Rift Valley SHGThere followed one of my favourite experiences of working for an NGO. Sitting under a tree and talking for an hour with a circle of some 15 Oromo women of all ages, as the rainclouds loomed and the birds squabbled in the branches overhead. (Sorry, no pics, my camera has got trashed somewhere on the trip – but here’s a pic from the Rift Valley website, obviously taken in drier times). Here are some highlights:

Savings: “We save about 14 Birr (US$0.90) a month, and can take out loans that we can use to buy goats and cattle. We didn’t have a culture of saving before – now I have what I didn’t have before.”

Community: “When one of us gets sick, we visit. We support each other for weddings and social occasions. We help the poorest members of the group improve their houses.”

Relations with men: “Before, it was our husbands who bought assets. We were stuck in our houses, we didn’t meet. Now the decision is up to me – what to do with my money. That’s a big change. Our husbands are changing too – they have their own group now.”

Climate Change and living with drought: “1984 was a terrible drought, but it was unique. Now it has become routine – we never used to see all the plants die. It’s really difficult, but last year we fought back through petty trade, we collected salt lick from the lake shore, and got some food aid to feed the children. Animals died, but no people did.”

Family size: The older women have 7-10 children, but add “we are struggling to change their (the younger ones’) lives. It was ignorance that led to large families. Now we are starting to use family planning and we get education from the health office. Some of our children are getting educated and moving to the town, but there are not many jobs there.” The younger women say they want only 4-5 children. (See this week’s excellent post on family planning and safe abortion in Ethiopia from Owen Barder)

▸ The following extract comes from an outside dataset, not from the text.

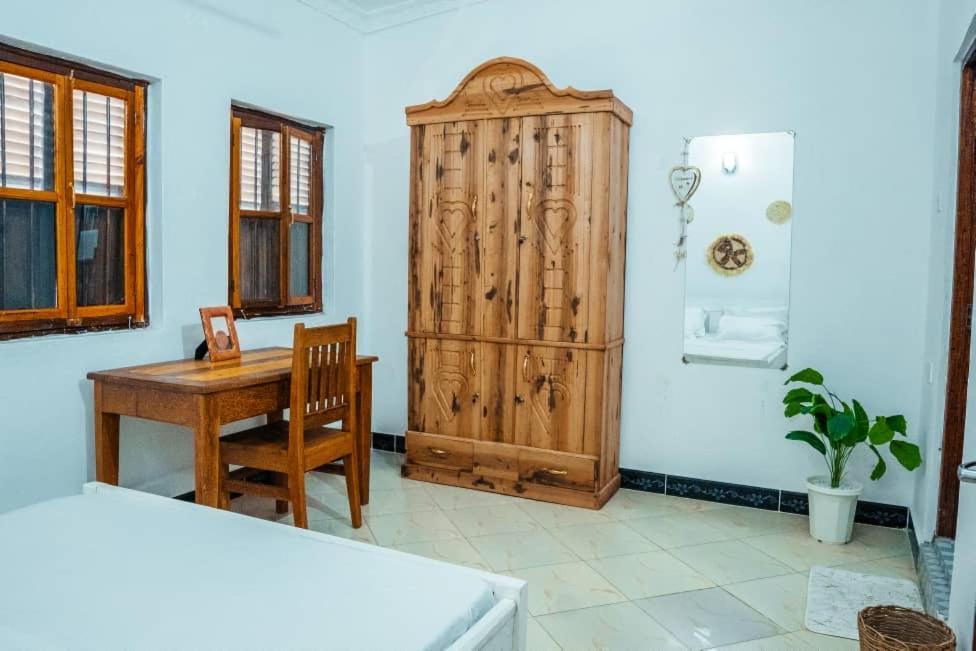 Nomad Cave- Stonetown Hotell Zanzibar Exteriör bild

What’s next? They want to be able to store grains, and buy a grinding mill. They dream of having their own vehicle to get to market. They would like to finish their education – most are barely literate – and have started a literacy class. “We want more skills and knowledge. That’s why we have come together.”

As well as supporting the self-help groups, Rift Valley is helping women increase their income in the face of climate change by providing drip irrigationthem with low tech drip irrigation systems (suspended waterproof bags  distributing water to pierced rubber tubes – even lower tech than the example in the pic). These allow the women to grow food in gardens, even when the rains fail, improving nutrition and income, which in turn allows them to rent more land and set off a virtuous circle.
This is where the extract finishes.